Its Super Heavy booster, powered by 33 Raptor engines, muscled it off the pad before performing a complex new landing sequence.
The booster ignited 13 engines at once, then slowly throttled down before gracefully splashing down in the Gulf of Mexico.
Meanwhile, the upper stage coasted halfway around the world, releasing dummy Starlink satellites, relighting an engine in orbit, and performing a new ‘dynamic banking maneuver’ to collect data for future reentries.
Even its heat shield impressed engineers by surviving reentry from space with zero visible damage, despite some tiles being intentionally removed just to test just how tough it was.
Humans could be returning to the Moon in 2026
With V2’s test chapter closed, SpaceX has its sights set squarely on the future: the Starship V3.
The new rocket is a total overhaul.
It’s taller by five feet, features expanded propellant tanks for extra muscle, and gets a full propulsion makeover courtesy of the next-gen Raptor 3 engines.

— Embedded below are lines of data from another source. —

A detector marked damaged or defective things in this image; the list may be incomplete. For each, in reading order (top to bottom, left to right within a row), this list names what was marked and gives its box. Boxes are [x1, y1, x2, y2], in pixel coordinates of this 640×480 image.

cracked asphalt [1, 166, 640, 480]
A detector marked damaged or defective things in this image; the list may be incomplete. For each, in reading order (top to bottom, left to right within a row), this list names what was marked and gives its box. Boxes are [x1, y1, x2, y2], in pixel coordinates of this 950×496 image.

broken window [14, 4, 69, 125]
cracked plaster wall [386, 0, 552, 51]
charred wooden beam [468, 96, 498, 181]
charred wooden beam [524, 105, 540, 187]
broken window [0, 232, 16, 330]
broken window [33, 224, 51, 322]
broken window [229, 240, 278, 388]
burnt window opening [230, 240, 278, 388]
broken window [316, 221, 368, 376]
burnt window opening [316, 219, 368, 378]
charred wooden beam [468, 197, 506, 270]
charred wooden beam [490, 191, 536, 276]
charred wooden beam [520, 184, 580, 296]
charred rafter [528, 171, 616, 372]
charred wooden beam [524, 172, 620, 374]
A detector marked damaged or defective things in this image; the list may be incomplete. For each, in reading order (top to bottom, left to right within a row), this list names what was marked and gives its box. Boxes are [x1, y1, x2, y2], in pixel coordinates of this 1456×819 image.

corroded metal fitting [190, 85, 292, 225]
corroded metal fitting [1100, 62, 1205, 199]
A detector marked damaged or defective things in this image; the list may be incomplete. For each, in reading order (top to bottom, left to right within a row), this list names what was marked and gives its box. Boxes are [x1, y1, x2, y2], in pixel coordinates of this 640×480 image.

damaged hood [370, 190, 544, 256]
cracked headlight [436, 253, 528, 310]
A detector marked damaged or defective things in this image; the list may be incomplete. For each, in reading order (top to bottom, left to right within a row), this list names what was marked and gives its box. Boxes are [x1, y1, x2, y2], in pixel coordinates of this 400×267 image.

Upgrades to energy storage, avionics, and new docking ports are designed to support long-duration missions, including in-orbit refueling tests planned for 2026.
All this progress is leading to the big leagues: NASA’s Artemis program.
SpaceX’s Starship is planned to be the lunar lander that brings astronauts back to the Moon for the first time since Apollo.
In fact, if things go according to plan, humans could return to the Moon by early 2026.
Timeline of SpaceX’s Starship program
2012-2016: Elon Musk begins outlining concepts for a fully reusable rocket system, dubbed the Interplanetary Transport System (ITS)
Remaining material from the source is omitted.